## Your assignment:
If a line below falls between the line with "Deichbrand Festival 2024" and the line with "2906 Lincoln St — Photo 8", or is one of those two, output it exactly; output nothing else and no pictures.

## Information shown:
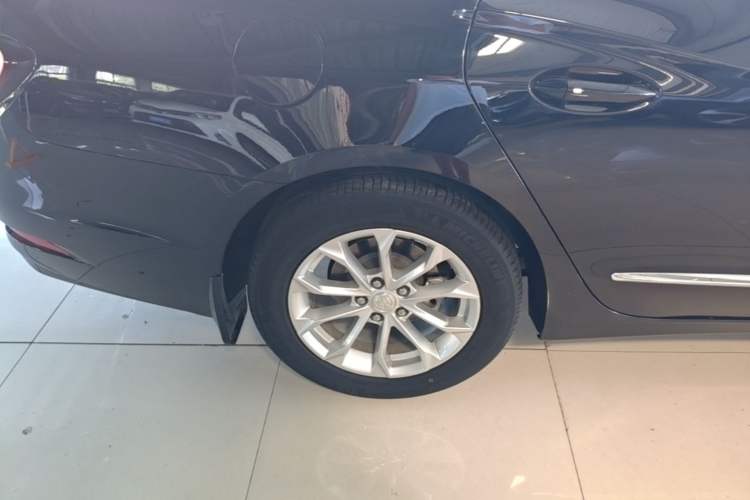Used Buick LaCrosse 2021 552T Luxury Version Right Rear Wheel Hub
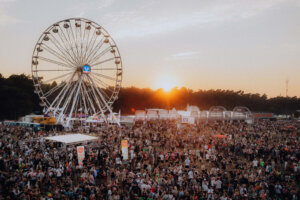 Deichbrand Festival 2024 / Riesenrad - Pressebild (Credits (c): DEICHBRAND Festival | Rainer Keuenhof)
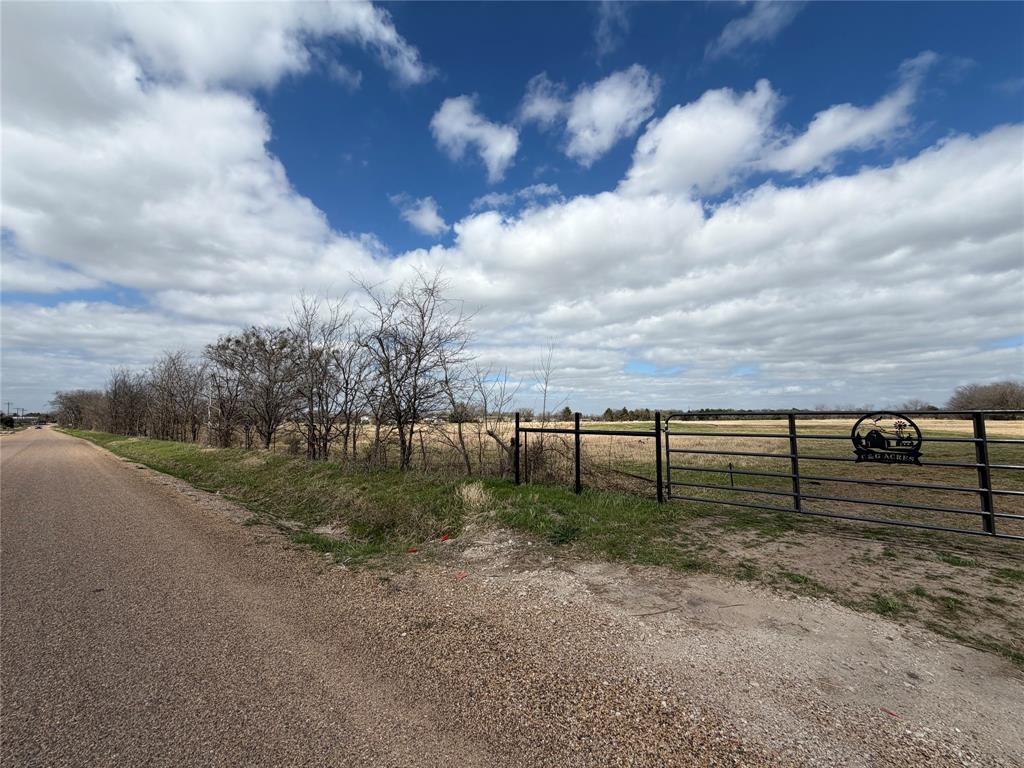 5793 County Road 4062 Property Photo 6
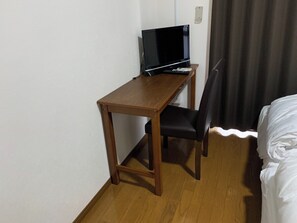 1 bedroom, desk, free WiFi, bed sheets - Annex 303 3 singles Spacious twin room  Please be sure to contact the hotel / Chikushino Fukuoka (Chikushino)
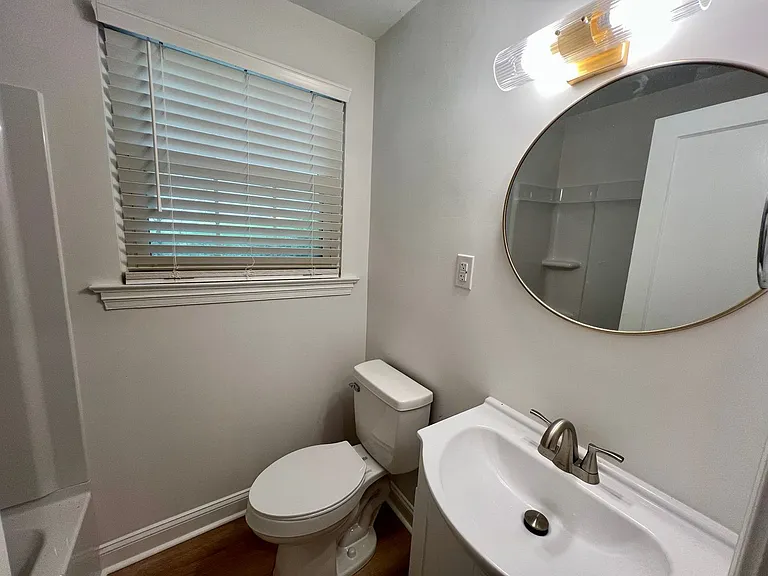 2906 Lincoln St — Photo 8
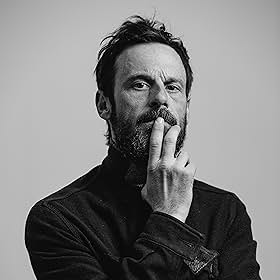 Scoot McNairy Scoot McNairy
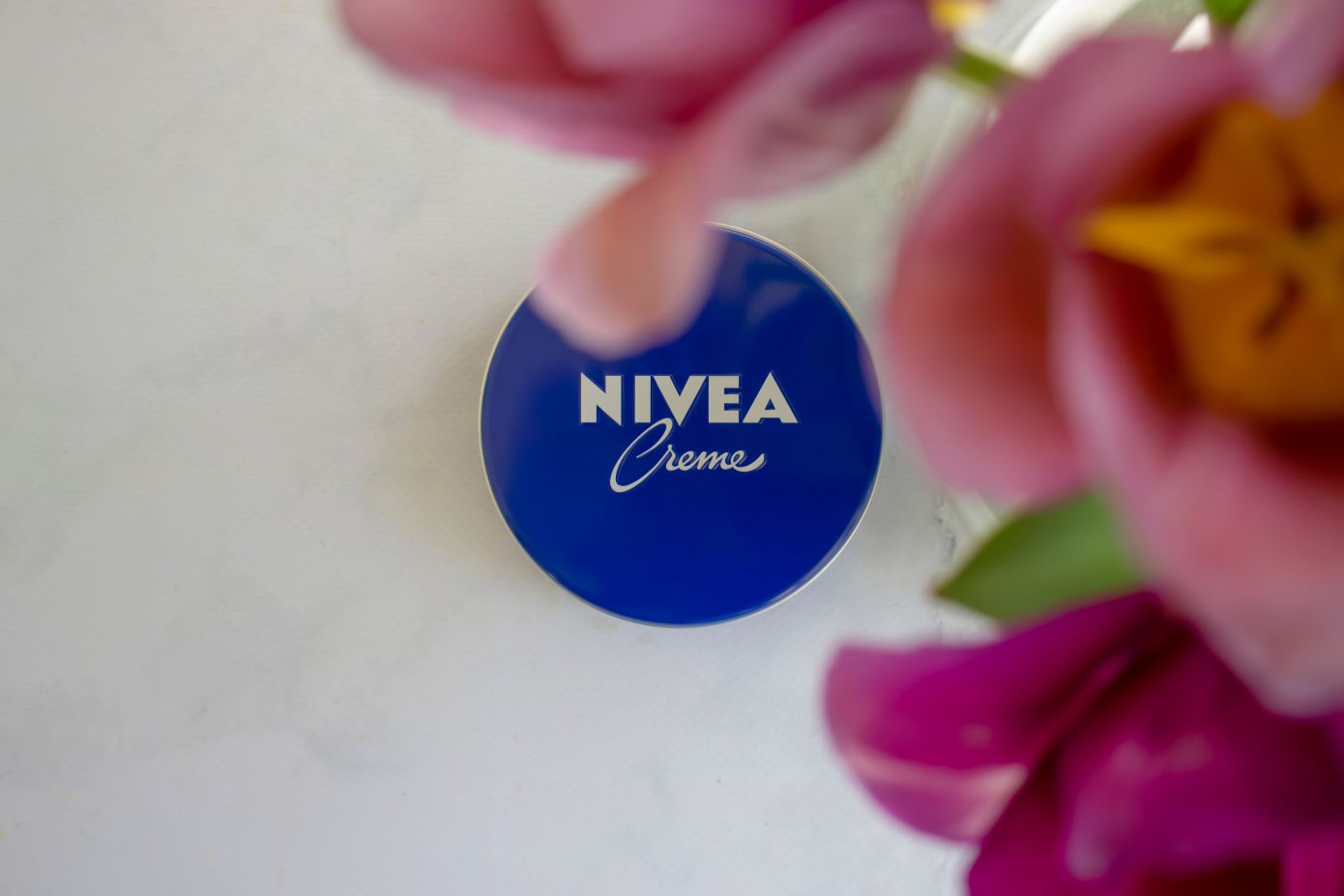 Το απλό κόλπο με την κλασική Nivea στο μπλε κουτί που κάνει το άρωμα να κρατά όλη μέρα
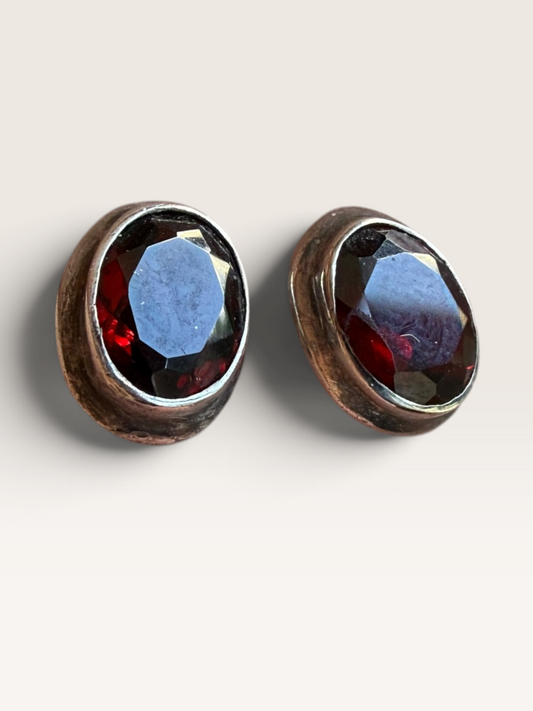 Sterling silver ad garnet stud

## Answer to the exercise:
 Deichbrand Festival 2024 / Riesenrad - Pressebild (Credits (c): DEICHBRAND Festival | Rainer Keuenhof)
 5793 County Road 4062 Property Photo 6
 1 bedroom, desk, free WiFi, bed sheets - Annex 303 3 singles Spacious twin room  Please be sure to contact the hotel / Chikushino Fukuoka (Chikushino)
 2906 Lincoln St — Photo 8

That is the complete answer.